[YOUR ASSIGNMENT]: Find "Man Woman Home" in the material, then return exactly the line containing it and all lines after it to the end, leaving out pictures.

(Beginning of PROVIDED DATA)

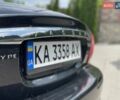 Черный Ягуар Х-Тайп, объемом двигателя 2.1 л и пробегом 142 тыс. км за 4999 $, фото 13 на Automoto.ua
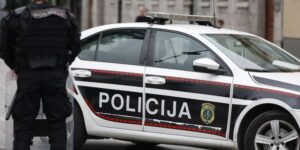oduzeto-motorno-vozilo-od-visestrukog-prekrsioca-u-saobracaju-bez-vozacke-dozvole-policija-fbih-mup-ks_66c08dfeddba9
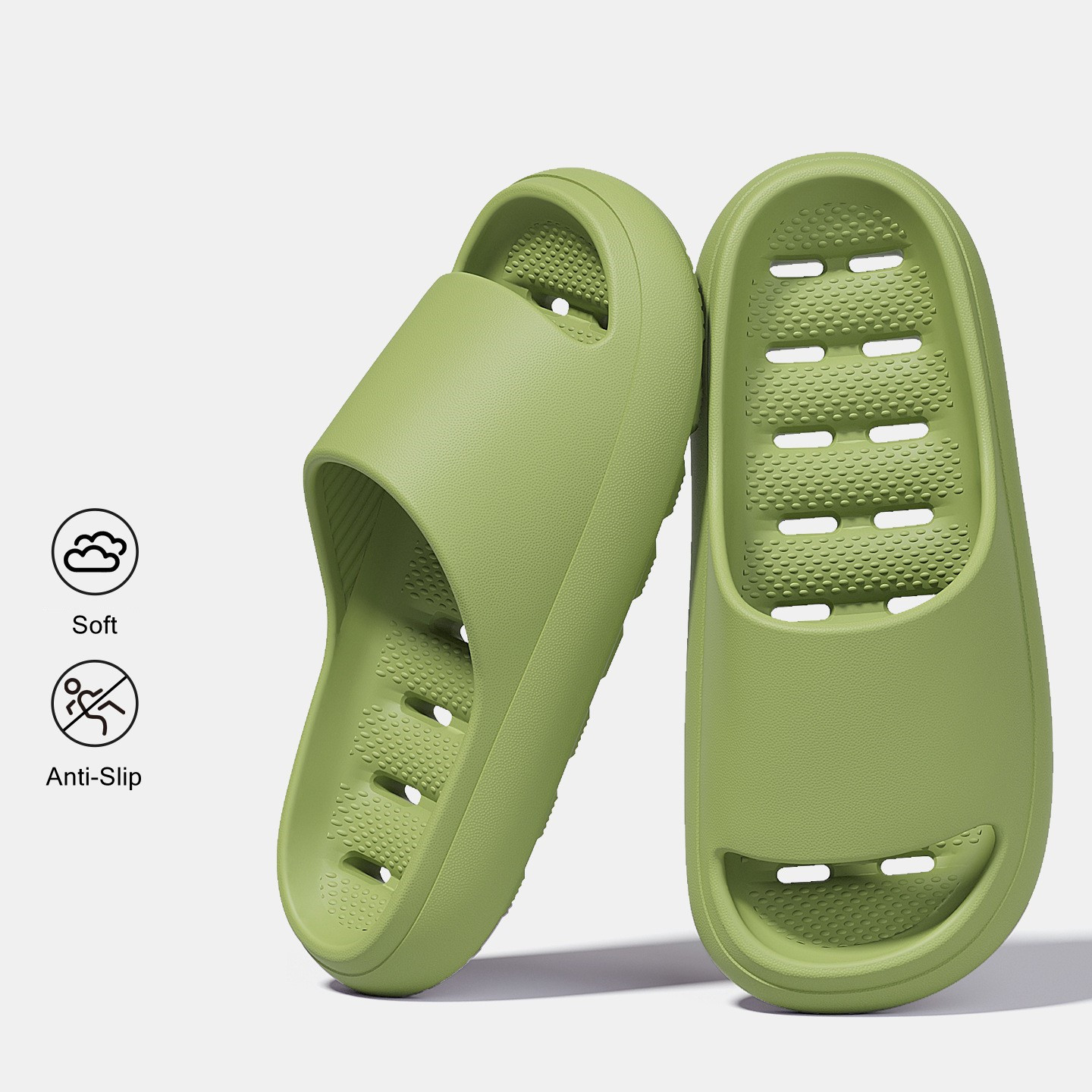 Man Woman Home Slippers Bathro - đánh giá và giá Men Shoes Casual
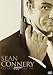 007 - Sean Connery Cofanetto (Best Edition) (12 Dvd)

(End of PROVIDED DATA)

[RESPONSE TO THE TASK]:
 Man Woman Home Slippers Bathro - đánh giá và giá Men Shoes Casual
 007 - Sean Connery Cofanetto (Best Edition) (12 Dvd)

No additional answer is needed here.